**ACTIVITY**: What is the number of lines below that contain the word "Crossbody"? Give only that number.

*** DATA SHOWN Section Begins ***

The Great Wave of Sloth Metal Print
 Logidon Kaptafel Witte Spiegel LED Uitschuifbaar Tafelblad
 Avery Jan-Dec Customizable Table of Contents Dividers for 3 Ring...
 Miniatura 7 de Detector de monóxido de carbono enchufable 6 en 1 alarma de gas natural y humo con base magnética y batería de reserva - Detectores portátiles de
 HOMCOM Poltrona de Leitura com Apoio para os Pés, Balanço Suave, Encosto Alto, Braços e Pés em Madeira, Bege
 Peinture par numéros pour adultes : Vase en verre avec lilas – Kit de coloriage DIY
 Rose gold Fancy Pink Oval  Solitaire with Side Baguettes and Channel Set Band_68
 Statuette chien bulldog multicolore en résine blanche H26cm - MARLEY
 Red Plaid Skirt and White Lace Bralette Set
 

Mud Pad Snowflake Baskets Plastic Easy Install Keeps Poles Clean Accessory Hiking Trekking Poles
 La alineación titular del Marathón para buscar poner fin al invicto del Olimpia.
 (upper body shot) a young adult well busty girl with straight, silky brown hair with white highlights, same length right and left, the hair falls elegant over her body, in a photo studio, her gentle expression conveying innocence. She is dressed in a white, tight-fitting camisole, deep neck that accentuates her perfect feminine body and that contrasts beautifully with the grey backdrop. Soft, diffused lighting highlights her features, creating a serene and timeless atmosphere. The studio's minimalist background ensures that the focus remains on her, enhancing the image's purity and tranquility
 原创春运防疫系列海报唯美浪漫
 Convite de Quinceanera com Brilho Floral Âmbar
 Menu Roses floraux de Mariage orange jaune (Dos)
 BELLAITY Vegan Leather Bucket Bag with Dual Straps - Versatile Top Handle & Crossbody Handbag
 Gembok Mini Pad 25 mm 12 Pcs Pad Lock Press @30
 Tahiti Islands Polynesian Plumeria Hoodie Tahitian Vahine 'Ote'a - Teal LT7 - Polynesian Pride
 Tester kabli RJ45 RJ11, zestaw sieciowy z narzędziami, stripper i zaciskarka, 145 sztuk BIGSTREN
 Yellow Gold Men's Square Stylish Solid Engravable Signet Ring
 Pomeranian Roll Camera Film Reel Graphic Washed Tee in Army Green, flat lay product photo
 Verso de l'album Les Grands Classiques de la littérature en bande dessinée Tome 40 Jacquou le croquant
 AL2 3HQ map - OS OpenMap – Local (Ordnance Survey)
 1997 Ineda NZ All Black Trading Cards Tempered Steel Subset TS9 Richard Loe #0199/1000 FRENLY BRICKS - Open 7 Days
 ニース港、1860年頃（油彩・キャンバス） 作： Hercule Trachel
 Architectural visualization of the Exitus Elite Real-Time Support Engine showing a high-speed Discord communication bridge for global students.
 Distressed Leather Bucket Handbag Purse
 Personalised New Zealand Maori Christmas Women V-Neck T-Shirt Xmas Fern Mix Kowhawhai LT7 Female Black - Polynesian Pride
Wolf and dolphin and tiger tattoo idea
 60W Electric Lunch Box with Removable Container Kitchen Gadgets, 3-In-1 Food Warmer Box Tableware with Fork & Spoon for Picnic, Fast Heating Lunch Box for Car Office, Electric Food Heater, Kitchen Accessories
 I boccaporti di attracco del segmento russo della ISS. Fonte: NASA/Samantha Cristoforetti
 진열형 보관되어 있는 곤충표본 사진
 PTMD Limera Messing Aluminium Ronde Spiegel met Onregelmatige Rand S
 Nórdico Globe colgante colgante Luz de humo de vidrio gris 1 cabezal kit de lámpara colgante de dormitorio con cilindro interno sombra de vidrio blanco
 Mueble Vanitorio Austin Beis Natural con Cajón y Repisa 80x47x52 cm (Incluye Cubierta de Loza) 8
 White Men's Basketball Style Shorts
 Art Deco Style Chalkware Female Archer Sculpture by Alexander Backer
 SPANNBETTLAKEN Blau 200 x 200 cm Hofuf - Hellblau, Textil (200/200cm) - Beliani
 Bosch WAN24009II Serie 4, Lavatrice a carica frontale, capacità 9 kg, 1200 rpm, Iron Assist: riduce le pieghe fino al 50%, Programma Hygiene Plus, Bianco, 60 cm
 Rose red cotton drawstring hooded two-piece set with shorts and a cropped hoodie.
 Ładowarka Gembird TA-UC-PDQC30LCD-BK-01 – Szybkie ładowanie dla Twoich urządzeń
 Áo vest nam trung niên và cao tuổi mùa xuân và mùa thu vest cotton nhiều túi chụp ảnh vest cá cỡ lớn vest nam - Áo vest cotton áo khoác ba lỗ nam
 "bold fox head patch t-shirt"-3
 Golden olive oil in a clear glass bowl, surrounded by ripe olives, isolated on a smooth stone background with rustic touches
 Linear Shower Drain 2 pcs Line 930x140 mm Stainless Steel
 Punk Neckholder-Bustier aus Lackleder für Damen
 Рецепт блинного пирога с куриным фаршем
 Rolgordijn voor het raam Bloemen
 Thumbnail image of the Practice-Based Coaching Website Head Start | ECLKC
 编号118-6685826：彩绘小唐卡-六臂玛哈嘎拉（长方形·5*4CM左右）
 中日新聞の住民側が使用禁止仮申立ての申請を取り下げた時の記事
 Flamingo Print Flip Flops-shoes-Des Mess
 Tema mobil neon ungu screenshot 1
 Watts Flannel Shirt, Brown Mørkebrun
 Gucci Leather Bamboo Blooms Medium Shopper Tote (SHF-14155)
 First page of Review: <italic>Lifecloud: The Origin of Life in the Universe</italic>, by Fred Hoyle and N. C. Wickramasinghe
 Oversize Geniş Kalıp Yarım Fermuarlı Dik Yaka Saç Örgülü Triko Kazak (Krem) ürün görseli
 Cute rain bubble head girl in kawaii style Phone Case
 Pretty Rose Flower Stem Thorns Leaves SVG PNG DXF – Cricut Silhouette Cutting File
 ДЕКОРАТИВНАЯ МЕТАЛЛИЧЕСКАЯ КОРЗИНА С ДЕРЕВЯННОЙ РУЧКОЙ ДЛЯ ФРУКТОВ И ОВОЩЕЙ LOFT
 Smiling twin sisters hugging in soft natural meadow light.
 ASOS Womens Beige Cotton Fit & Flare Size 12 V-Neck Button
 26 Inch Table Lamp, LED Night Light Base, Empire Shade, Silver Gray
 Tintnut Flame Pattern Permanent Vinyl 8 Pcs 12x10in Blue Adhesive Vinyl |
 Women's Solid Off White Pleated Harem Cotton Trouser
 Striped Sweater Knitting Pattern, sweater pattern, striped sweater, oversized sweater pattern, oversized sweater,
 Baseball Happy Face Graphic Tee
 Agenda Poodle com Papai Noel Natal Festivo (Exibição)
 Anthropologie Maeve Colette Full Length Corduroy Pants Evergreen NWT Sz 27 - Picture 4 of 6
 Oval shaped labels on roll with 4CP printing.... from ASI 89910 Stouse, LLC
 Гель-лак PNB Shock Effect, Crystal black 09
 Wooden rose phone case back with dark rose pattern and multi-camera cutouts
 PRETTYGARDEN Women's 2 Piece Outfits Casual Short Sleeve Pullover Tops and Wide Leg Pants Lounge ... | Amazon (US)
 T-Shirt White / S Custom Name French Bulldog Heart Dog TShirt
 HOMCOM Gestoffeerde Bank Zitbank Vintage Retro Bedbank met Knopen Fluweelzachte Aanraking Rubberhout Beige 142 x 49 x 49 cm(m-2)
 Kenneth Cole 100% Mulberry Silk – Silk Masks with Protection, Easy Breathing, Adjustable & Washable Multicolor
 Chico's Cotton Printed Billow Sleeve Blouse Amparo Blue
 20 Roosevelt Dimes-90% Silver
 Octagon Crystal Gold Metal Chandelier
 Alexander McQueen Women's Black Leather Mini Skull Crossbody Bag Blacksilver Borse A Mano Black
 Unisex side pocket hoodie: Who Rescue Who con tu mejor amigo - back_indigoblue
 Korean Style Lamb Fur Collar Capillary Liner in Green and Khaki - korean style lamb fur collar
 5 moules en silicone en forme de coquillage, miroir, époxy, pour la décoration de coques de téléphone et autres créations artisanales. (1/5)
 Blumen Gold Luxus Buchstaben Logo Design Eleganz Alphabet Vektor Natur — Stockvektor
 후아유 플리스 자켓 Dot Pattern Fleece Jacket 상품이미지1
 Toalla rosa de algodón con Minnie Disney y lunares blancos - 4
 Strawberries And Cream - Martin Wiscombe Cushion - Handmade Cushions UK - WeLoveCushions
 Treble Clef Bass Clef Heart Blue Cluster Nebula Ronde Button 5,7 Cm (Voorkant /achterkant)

*** DATA SHOWN Section Ends ***

**FINISHED TASK**: 2